---- Entries shown
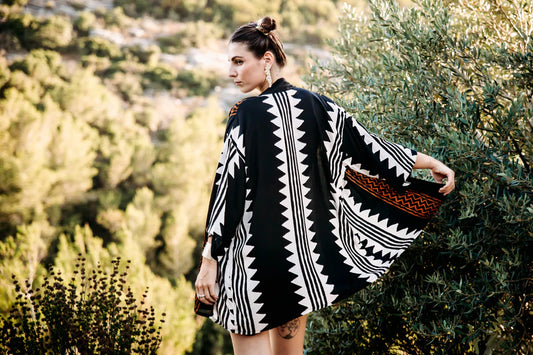 WO GEO Print Short Kimono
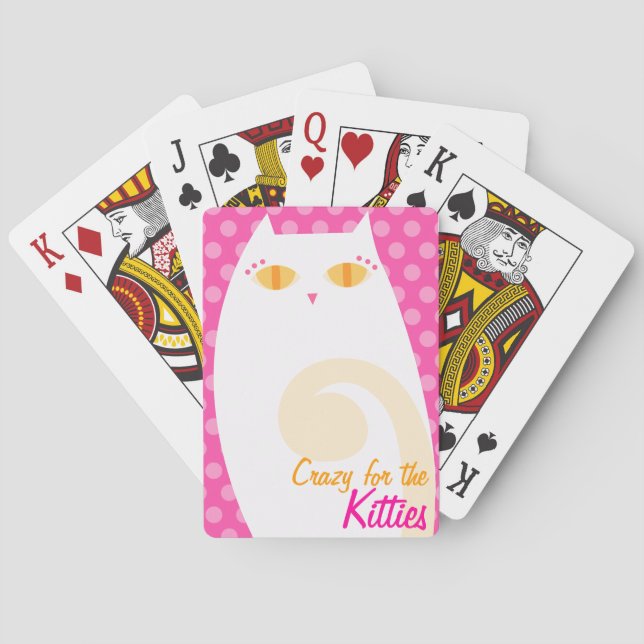 Pretty White Kitty Custom Playing Cards (Back)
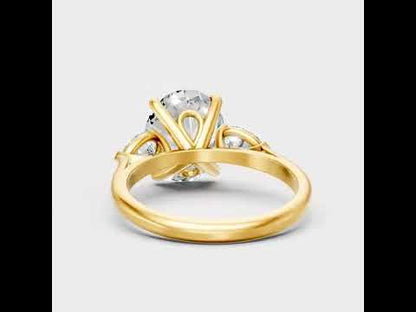 5.57 Ct Oval & Pear Lab-Grown Diamond Three-Stone Ring in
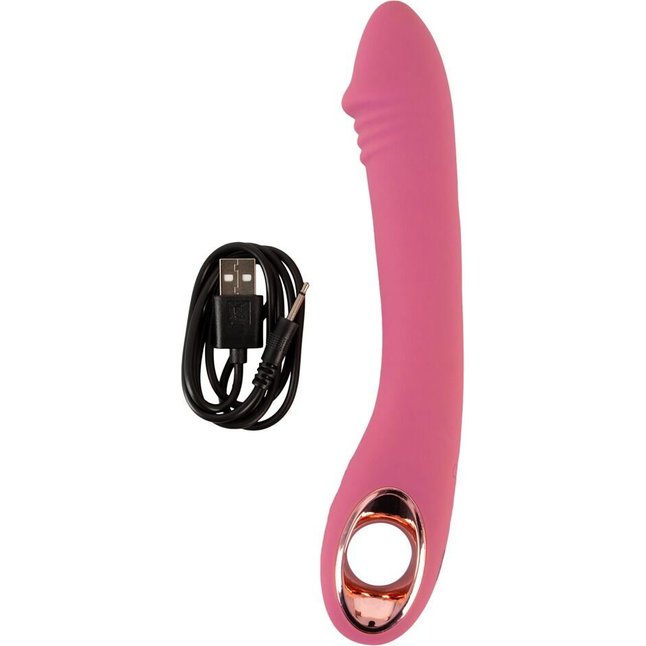 Розовый тонкий вибратор для точки G Slim G-Spot Rose - 21,4 см - You2Toys. Фотография 8.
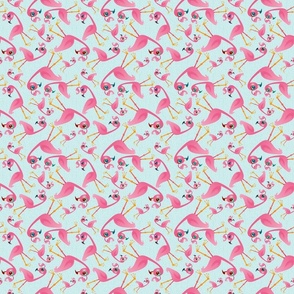 Flamingo A-Go-Go on Light Blue - Small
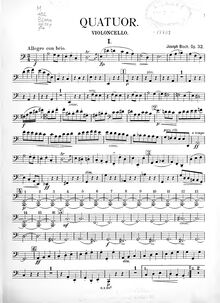 Partition violoncelle, corde quatuor, A minor, Bloch, József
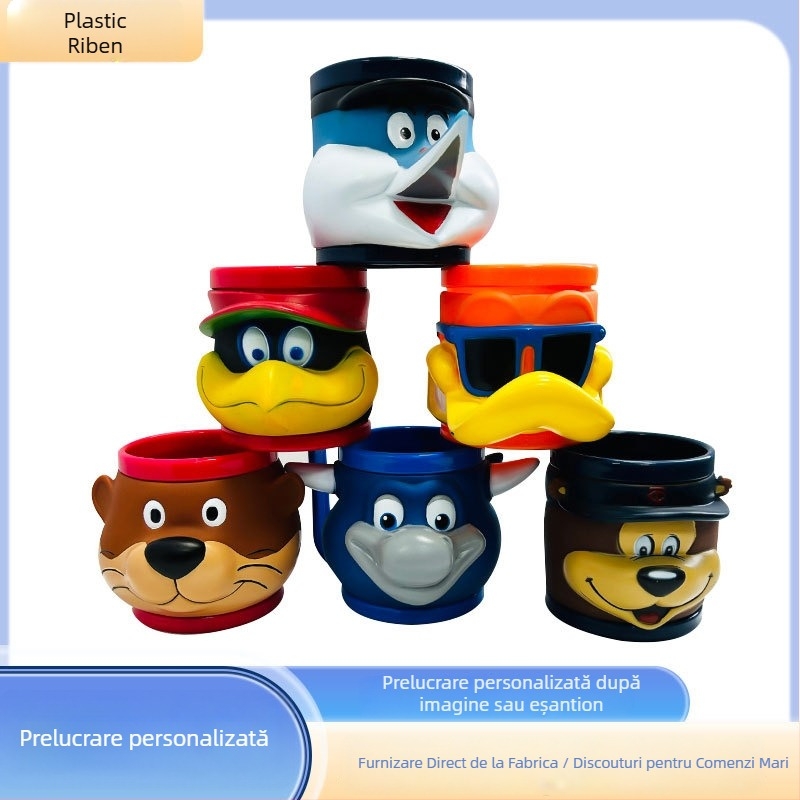 Cupe personalizabile din PP, 480 ml, design cartoon, turnare prin injecție + emailare, grosime perete 3–5 mm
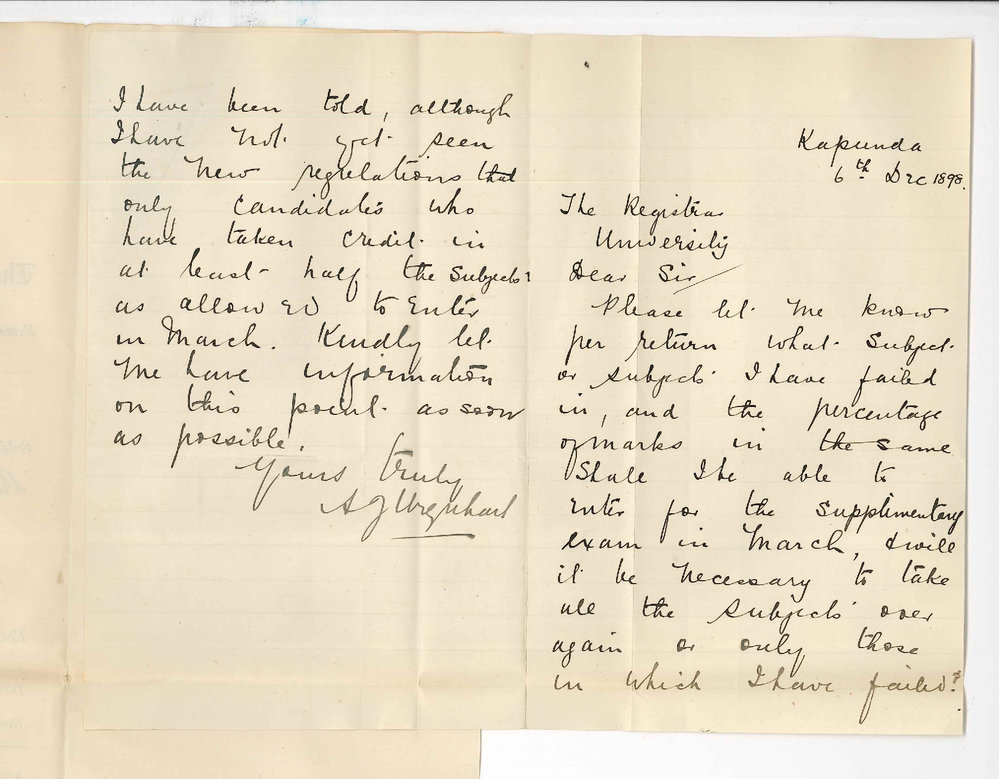 A J Urquhart - Kapunda - Failure in Medical Examination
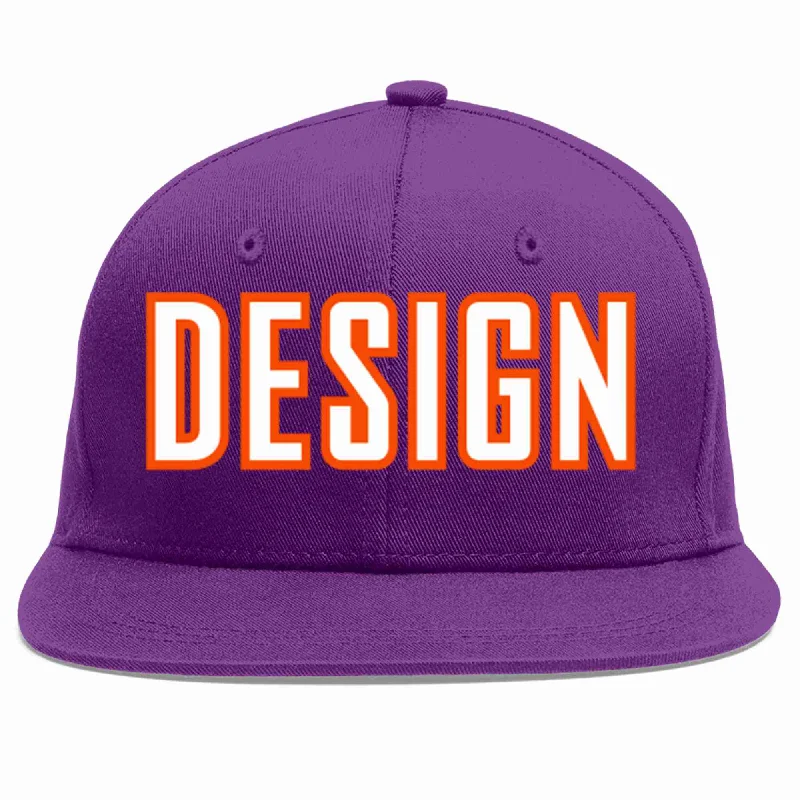 Baseball Cap For Adults-Custom Purple White-Orange Flat Eaves Sport Baseball Cap Design for Men/Women/Youth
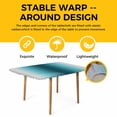 thumbnail image 4 of Turquoise Grey Ombre Table Cloths for 6 Foot Rectangle Tables, Farmhouse Gradient Minimalist Patio Waterproof Elastic Fitted Tablecloths, Washable Rectangular Table Cover for Camping, 4 of 8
--------
#### What is expected:
Set the pictures aside and transcribe the data above exactly.

#### Result:
 WO GEO Print Short Kimono
 Pretty White Kitty Custom Playing Cards (Back)
 5.57 Ct Oval & Pear Lab-Grown Diamond Three-Stone Ring in
 Розовый тонкий вибратор для точки G Slim G-Spot Rose - 21,4 см - You2Toys. Фотография 8.
 Flamingo A-Go-Go on Light Blue - Small
 Partition violoncelle, corde quatuor, A minor, Bloch, József
 Cupe personalizabile din PP, 480 ml, design cartoon, turnare prin injecție + emailare, grosime perete 3–5 mm
 A J Urquhart - Kapunda - Failure in Medical Examination
 Baseball Cap For Adults-Custom Purple White-Orange Flat Eaves Sport Baseball Cap Design for Men/Women/Youth
 thumbnail image 4 of Turquoise Grey Ombre Table Cloths for 6 Foot Rectangle Tables, Farmhouse Gradient Minimalist Patio Waterproof Elastic Fitted Tablecloths, Washable Rectangular Table Cover for Camping, 4 of 8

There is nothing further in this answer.